Roles of biotin in growing ovarian follicles and embryonic development in domestic fowl.

PMID 18202531


It is well known that biotin deficiency causes morphological anomalies in hatchlings of fowl. An abundance of biotin in the yolk, therefore, is greatly required for maintaining reproductive functions. Although there is growing evidence for the molecular significance of the vitamin in the processes of the reproductive system in mammals, little is known about its use and roles in fowl's yolk. This review focuses on studies on the roles of biotin in the ovarian follicles and embryos of domestic fowl. Recent studies from our laboratory showed an analysis of the mechanism of biotin supply from the maternal body to follicles, or the yolk using the eggs of domestic fowl. In growing ovarian follicles, biotin was incorporated into the follicles, particularly in a large amount immediately before ovulation. Biotin incorporated from the early stage to the growth stage of ovarian follicles was stored in the protein-binding form and became free biotin again immediately before ovulation. This may be because the biotin necessary for the maintenance of embryonic growth and development should be used immediately after fertilization.
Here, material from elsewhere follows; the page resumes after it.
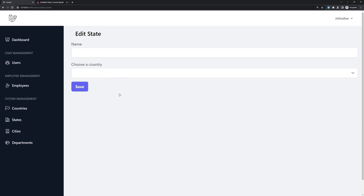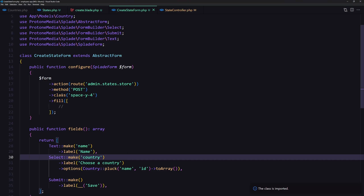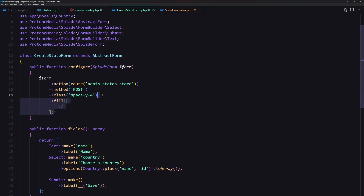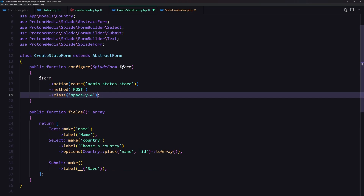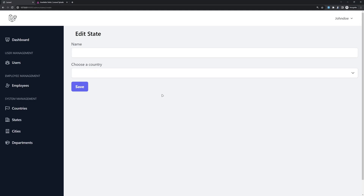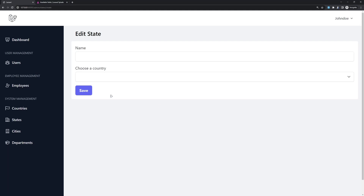Let's add some classes here — remove the field wrapper since we're on the create page. Set space-y-4, padding of 4, and bg-white and rounded. Save and refresh.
In embryos, free biotin in the yolk increased shortly after fertilization. A large amount of free biotin was incorporated into the embryo at the age of 3-4 d. Biotin supply to the embryo differed among embryonic growth stages and organs, suggesting involvement in the formation of each tissue and organ. Thus, a large amount of biotin was utilized for embryonic growth, suggesting its important role in normal embryonic growth. These findings show that biotin is an essential nutrient and may play a major role in the normal morphogenesis of embryos in domestic fowl.